Why does this work? First we check if the function is sufficiently far from the all-zero function. If it is not, we can output the all-zero function as our hypothesis (Step 2).  Otherwise, we know in Steps 3--5 that $\Pr_x[f(x)=1] \ge \epsilon/4$. If $x_i$ is in in $f$, then it must be turned on for every positive sample.  If it isn't, it is on in a positive sample with probability $1/2$, and off also with probability $1/2$.
We say that an index $i$ is \emph{bad}, if $x_i$ does not appear in the monomial.

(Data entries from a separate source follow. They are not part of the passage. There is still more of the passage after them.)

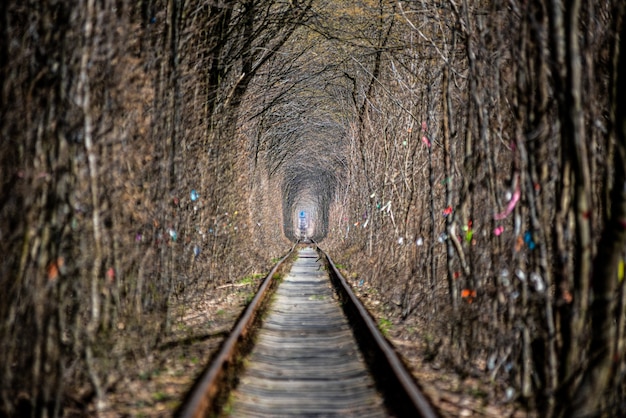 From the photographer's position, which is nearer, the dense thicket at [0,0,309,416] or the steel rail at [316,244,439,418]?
the dense thicket at [0,0,309,416]

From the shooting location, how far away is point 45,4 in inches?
176

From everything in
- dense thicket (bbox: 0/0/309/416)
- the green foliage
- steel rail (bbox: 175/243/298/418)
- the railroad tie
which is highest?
dense thicket (bbox: 0/0/309/416)

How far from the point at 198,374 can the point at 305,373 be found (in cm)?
106

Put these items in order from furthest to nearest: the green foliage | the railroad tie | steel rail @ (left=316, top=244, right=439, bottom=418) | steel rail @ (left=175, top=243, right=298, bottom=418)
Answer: the green foliage
the railroad tie
steel rail @ (left=316, top=244, right=439, bottom=418)
steel rail @ (left=175, top=243, right=298, bottom=418)

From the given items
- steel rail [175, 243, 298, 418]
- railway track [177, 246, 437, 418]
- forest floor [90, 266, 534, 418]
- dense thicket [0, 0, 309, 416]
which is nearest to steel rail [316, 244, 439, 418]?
railway track [177, 246, 437, 418]

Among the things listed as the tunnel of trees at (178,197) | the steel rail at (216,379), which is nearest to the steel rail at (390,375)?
the tunnel of trees at (178,197)

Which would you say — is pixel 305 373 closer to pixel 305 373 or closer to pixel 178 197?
pixel 305 373

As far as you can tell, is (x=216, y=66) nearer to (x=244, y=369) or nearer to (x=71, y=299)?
Result: (x=244, y=369)

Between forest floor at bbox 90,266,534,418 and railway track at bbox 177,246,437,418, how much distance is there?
0.25 metres

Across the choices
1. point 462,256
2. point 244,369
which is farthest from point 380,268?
point 244,369

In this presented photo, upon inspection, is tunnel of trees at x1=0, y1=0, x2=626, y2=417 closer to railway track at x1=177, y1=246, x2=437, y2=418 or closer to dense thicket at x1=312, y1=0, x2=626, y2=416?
dense thicket at x1=312, y1=0, x2=626, y2=416

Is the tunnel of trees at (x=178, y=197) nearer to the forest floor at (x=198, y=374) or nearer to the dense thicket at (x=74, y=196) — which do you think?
the dense thicket at (x=74, y=196)

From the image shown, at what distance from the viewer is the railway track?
16.6 feet

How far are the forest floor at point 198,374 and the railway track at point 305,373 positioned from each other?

Therefore, for $k = 8\ln \frac{2n}{\delta}$, we have
\begin{eqnarray*}
\Pr[\mbox{any bad $i$ survives}] & \le& \sum_i \Pr[\mbox{$i$ survives, given it is bad}] \\
& \le & \sum_i \Pr[\hbox{$x_i=1$ in all positive samples}\;|\;\mbox{$i$ is bad}]\\
& \le & \sum_i \left(1 - \Pr[f(x)=1 \land x_i=0 \;|\; \mbox{$i$ is bad}]\right)^{k/\epsilon}\\
& \le & \sum_i \left(1 - \Pr[f(x)=1 \;|\; \mbox{$i$ is bad}] \cdot \Pr[x_i=0 \;|\; \mbox{$i$ is bad $\land$  $f(x)=1$}]\right)^{k/\epsilon}\\
& \le & \sum_i \left(1 - \frac{\epsilon}{4} \cdot \frac{1}{2}\right)^{k/\epsilon} \le \sum_i e^{-\ln \frac{2n}{\delta}} \le \sum_i \frac{\delta}{2n} \le \frac{\delta}{2}.
\end{eqnarray*}
Note that if we detect all bad indices $i$, then the hypothesis $h$ output in Step 5 exactly equals $f$.

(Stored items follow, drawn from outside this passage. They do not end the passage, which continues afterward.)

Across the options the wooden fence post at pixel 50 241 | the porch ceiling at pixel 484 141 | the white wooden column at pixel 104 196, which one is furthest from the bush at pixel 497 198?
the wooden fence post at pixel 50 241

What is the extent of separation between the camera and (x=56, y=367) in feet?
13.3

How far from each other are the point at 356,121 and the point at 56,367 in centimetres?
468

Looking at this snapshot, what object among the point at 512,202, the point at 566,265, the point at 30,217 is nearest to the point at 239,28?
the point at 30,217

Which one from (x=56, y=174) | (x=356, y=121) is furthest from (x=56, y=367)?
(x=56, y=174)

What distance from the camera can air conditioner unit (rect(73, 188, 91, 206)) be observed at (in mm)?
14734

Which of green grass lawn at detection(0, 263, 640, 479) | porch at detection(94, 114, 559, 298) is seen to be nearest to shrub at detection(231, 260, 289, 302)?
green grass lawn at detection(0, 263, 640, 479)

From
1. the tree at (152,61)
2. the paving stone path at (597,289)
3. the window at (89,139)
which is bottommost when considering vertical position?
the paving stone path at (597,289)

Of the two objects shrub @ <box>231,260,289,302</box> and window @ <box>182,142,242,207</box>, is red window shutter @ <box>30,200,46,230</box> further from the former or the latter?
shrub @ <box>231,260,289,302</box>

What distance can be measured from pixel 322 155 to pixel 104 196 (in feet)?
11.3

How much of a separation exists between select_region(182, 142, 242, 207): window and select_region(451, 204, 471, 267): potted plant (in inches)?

In total, we only require $O\left(\frac{1}{\epsilon}\log\frac{n}{\delta} + \frac{1}{\epsilon^2}\log\frac{1}{\delta}\right)$ samples, which means that our algorithm is efficient.

Notice that learning requires logarithmically many queries, even for singletons, while dictator testing takes a constant number of queries.  So, testing can be much faster than learning.

\section{Learning via Fourier Coefficients}
Approximating a single Fourier coefficient of an unknown function.
\begin{lemma} We can approximate any specific Fourier coefficient $s$ to within $\gamma$ (i.e. $\abs{output - \hat{f}(s)} < \gamma$) with probability $\geq 1 - \delta$ in $O\left(\frac{1}{\gamma^2} \log \frac{1}{\delta}\right)$ samples.
\end{lemma}
\begin{proof}
We have $\hat{f}(s) = 2 \times \Pr[f = \chi_s]  - 1$, and we can estimate $\Pr[f = \chi_s]$ to within $\pm \gamma/2$ using Chernoff bounds.
\end{proof}

It is thought to be unlikely in this model that one can efficiently find the ``heavy'' Fourier coefficients with non-trivial values.  Exhaustive search is intractable, and no other method is immediately clear.  If we are dealing with a function class where most of the weight is in the coefficients with small $s$, we can exhaustively check these values.
We will see this approach in work in the next lecture.

% \subsection{Low-degree Algorithm}
% \begin{definition} $f : \pmone^n \rightarrow \mathbb{R}$ has \emph{$\alpha(\epsilon, n)$ Fourier concentration} if 
% $$ \bigsum_{S\subseteq[n] : |S| > n} \hat{f}^2(S) \leq \epsilon.$$
% For Boolean $f$, we have $\bigsum_{S\subseteq[n], |S|\le n} \hat{f}^2(S) > 1 - \epsilon.$
% \end{definition}
% 
% We now define the ``And'' function: $\mbox{And}(x_1, \ldots, x_k) = 1$ if for all $i$, $x_i = 1$; $0$ otherwise.
% Consider $f$ such that $f = 1$ if all $x_i$ are $-1$, 0 otherwise.
% 
% $$ f(x_1, \ldots, x_k) = \frac{(1 - x_1)}{2}\frac{(1 - x_2)}{2} \cdots \frac{(1 - x_k)}{2} $$
% If $x_i = -1$ for all $i$, then we get 1, otherwise we get a 0.  Note that this gives you the Fourier representation of $f$ on inputs 1 through $k$. 
% 
% The number of non-zero weight values of $s$ is approximately $\log 4/\epsilon$.  If we take the And of a small number of variables, then there are no non-zero weights for large values of $s$.  If $k$ is big, then all Fourier coefficients are small, except possibly the zero coefficient.
% 
% If $k \geq \log 4/\epsilon$ then for each of the $2^k - 1$ non-zero Fourier coefficients $\chi_s$ for $s \neq \phi$ we have $$\hat{f}^2(s)  = \Theta\left(\frac{1}{2^2k}\right)$$
% $$ \bigsum_{\abs{s} > 0, s \leq [k]} \hat{f}^2(s) \leq 2^k \Theta\left(\frac{1}{2^2k}\right) \leq \Theta\left(\frac{1}{2^k}\right) < \epsilon$$


\end{document}